Yes. Operated on a military budget. There's a reason they're not used for civilian use.

[–] kalkulat@lemmy.world 5 points 5 months ago (1 children)

That's thanks to the training (started with Rickover) and discipline and no shareholders. Commercial nukes don't measure up, e.g. when it comes to leakages and knowing what to do in case.

[–] Forester@yiffit.net -3 points 5 months ago (3 children)

Now you're just being disingenuous. I am certain that qualified individuals from the private sector and qualified individuals from the military both receive adequate training to operate their facilities

[–] NaibofTabr@infosec.pub 3 points 5 months ago

What's funny about this is that most of the qualified private sector individuals are former Navy personnel. The civilian nuclear industry loves to hire people with nuclear training from the Navy because they're already trained and experienced.

The Navy does operate a lot of nuclear reactors, and quite safely overall, but they also spend DoD money on building and maintaining them and training personnel for them.

[–] kalkulat@lemmy.world 2 points 5 months ago (1 children)

Way to start out with an ad hominem. Cheap too. Since you're 'certain' (and I know very well that's hard to come by for this sacred cow), your #1 reference?

[–] Forester@yiffit.net -3 points 5 months ago (1 children)

If I called you stupid that would have been an ad hominem attack, I'm saying you're misrepresenting facts which would require intelligence. Therefore, disingenuous.

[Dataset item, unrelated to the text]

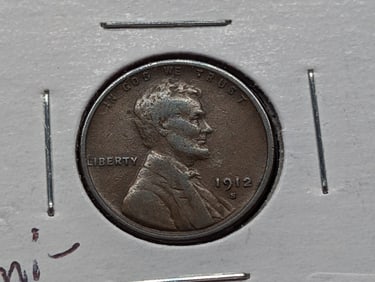 1912-S Lincoln Wheat Cent Semi Key Date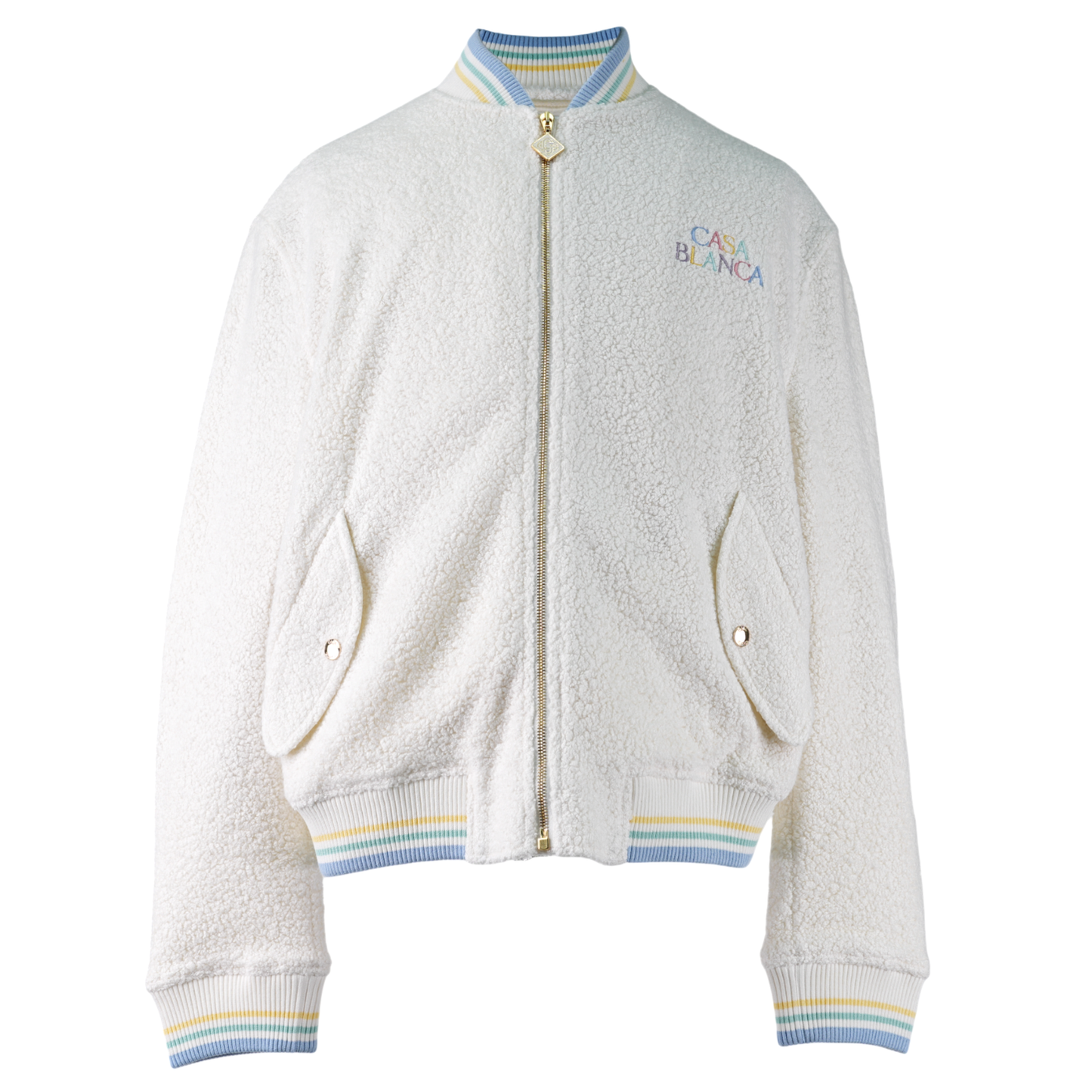 MAISON PASTELLE EMBROIDERED BOMBER JACKET / CSB572:MAISON PASTELLE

[–] kalkulat@lemmy.world 0 points 5 months ago

Poor governor of Georgia, one more in a long, long line.

I learned much of what I know about how facts are misrepresented by reading advertisements by the industry. Like the full-page regional newspaper ad along the lines of "One myth about nuclear power is ... instead the fact is this ... " back in the 1970s. Or my all-time favorite fact, one of the earliest: Safe, clean, 'too cheap to meter', said AEC chairman Lewis Strauss, in 1954.

Maybe it was catching? But the facts, like those countless millions of escaped curies, were invisible. Convenient.

This 14-year-old Fermi story might help: https://www.latimes.com/business/hiltzik/la-fi-hiltzik-detroit-nuclear-20161003-snap-story.html

[–] kalkulat@lemmy.world 0 points 5 months ago* (last edited 5 months ago)

Way to start out with an ad hominem. Cheap too. Since you're 'certain' (and I know that's hard to come by for this sacred cow), your #1 reference?